A cara feia para os crentes veio acompanhada da censura ao empreendedorismo. Então, o professor brilhante da UNICAMP, o onipresente e chatinho Leandro Karnal, empreendedor de uma carreira bem-sucedida, condena, com a fúria do anti-niilismo de Nietzsche, o empreendedorismo. De Steve Jobs ou João Doria ao pobre coitado ambulante que vende água nos faróis sob o sol ou guarda-chuva nos faróis sob a chuva, ou uma revisora frila, somos todos ridículos. Compreendo. Também acho bacana pagar as contas falando de Shakespeare, mas os empreendedores são essenciais considerando que (1) a Unicamp somada a todo o restante empreendedorismo estatal brasileiro não conseguiria empregar toda a força de trabalho do país; (2) não se compram secadores de cabelos com uma digressão – em pleno Ponto Frio para um vendedor atônito – a respeito das angústias de Hamlet. E é somente na sociedade de mercado, por ser a única capaz de produzir riqueza e unir essa produção à liberdade (com suas tensões, pesos e contrapesos), que um pensador pode se sustentar com o próprio trabalho, ainda que pense esta sociedade de modo crítico.
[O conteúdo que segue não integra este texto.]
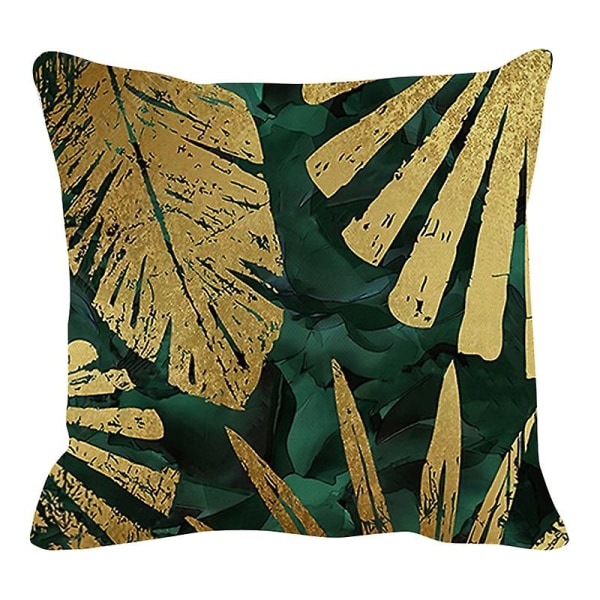 Cover 45cm X 45cm Set 4 vihreää ja kultaa lehtiä koristeellinen tyynynpäällinen 18x18" pellava neliömäinen cover ulkokalusteiden puutarha-asumiseen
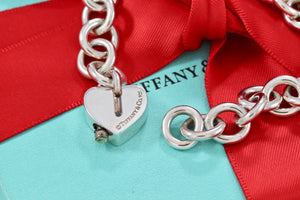 Tiffany & Co. Silver Notes "Tiffany & Co." Heart Padlock Charm Bracelet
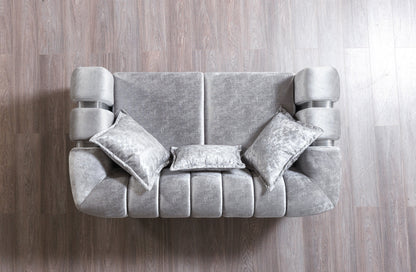 Santana Silver Velvet Sofa &amp; Loveseat - SANTANASILVER-SL - Bien Home Furniture &amp; Electronics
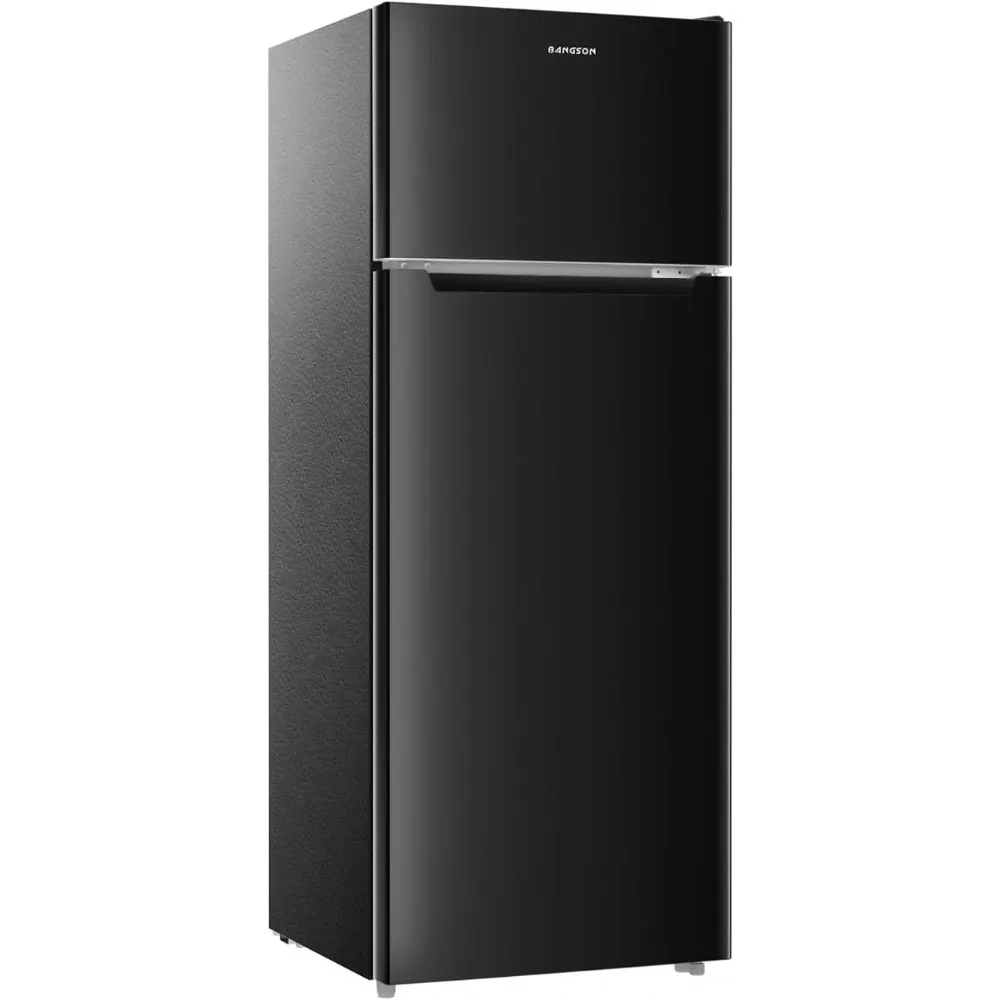 7.7 Cu.Ft Refrigerator with Freezer, Apartment Size Fridge with Top Freezer, 2 Doors,5 Settings Temperature Adjustable, Black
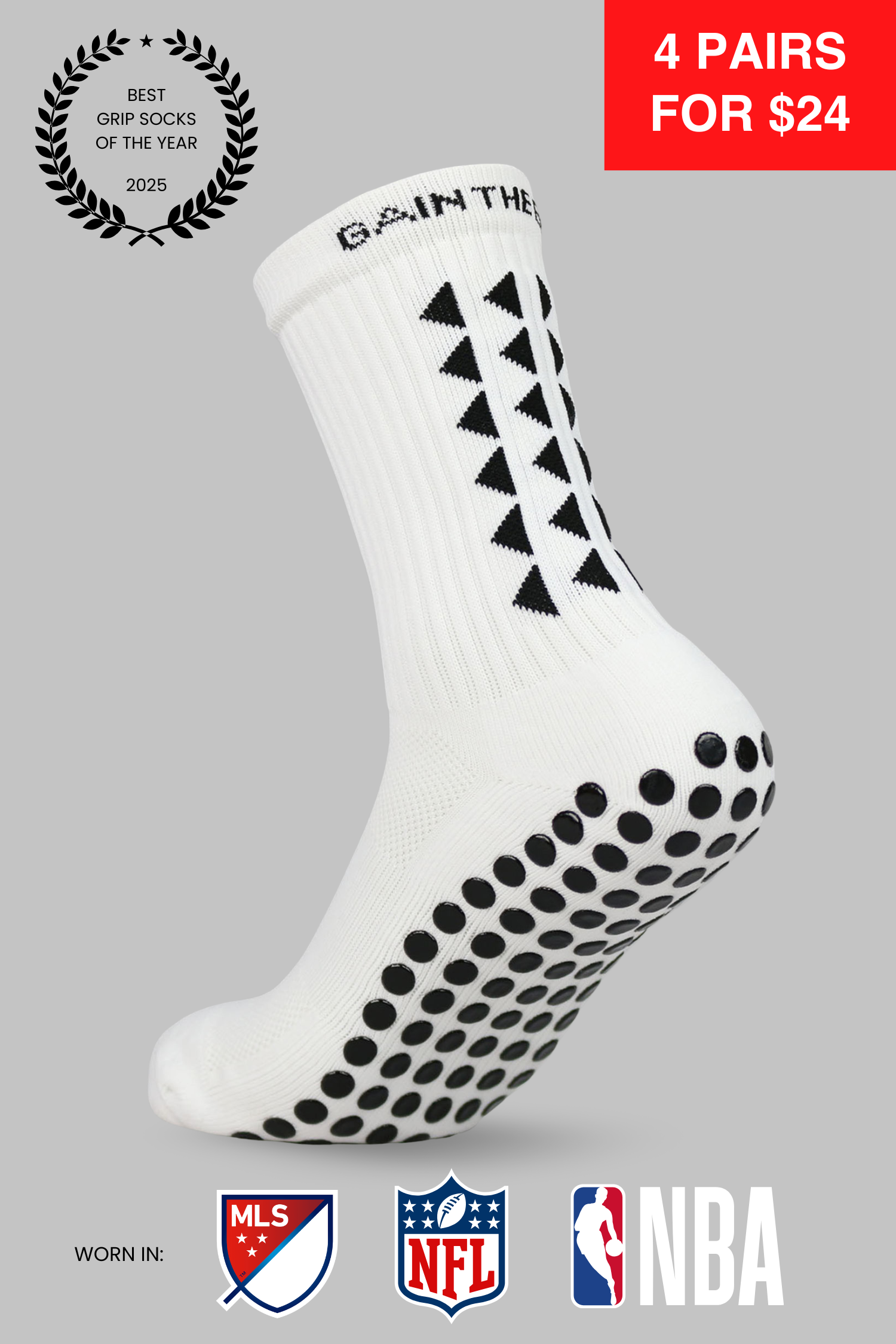 GRIP SOCKS 3.0  MidCalf Length - White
Era um Parlux, um dos melhores secadores de cabelos, as eventuais leitoras deste texto devem saber. Já estava velhinho, o coitado, um presente que ganhei no dia dos namorados há 12 anos e, no fim de tarde deste domingo, ele queimou e mal terminei de dar uma ajeitada no cabelo antes de sair. Não sou uma adepta da escova progressiva, que chamo de regressiva. Muitas mulheres que aderiram a ela ficaram lindas, mas com cara de todo mundo, em feições sem personalidade. Prefiro continuar cultivando meus cachos com a ajuda do secador. Serenamente, expliquei tudo isso à P auxiliada por M, Gardel e pelo vinho. P agradeceu o encontro “interessante” e se despediu anunciando que as esperanças dela se chamavam Ana Júlia, a adolescente que invadiu uma escola no Paraná porque acha que democracia é o que ela acha que democracia é. Puxa vida, ela foi embora sem dizer nada sobre teu secador ter queimado, as esquerdas não conseguem mesmo compreender as necessidades da população, resumiu a querida M antes de brindarmos o fim do passado.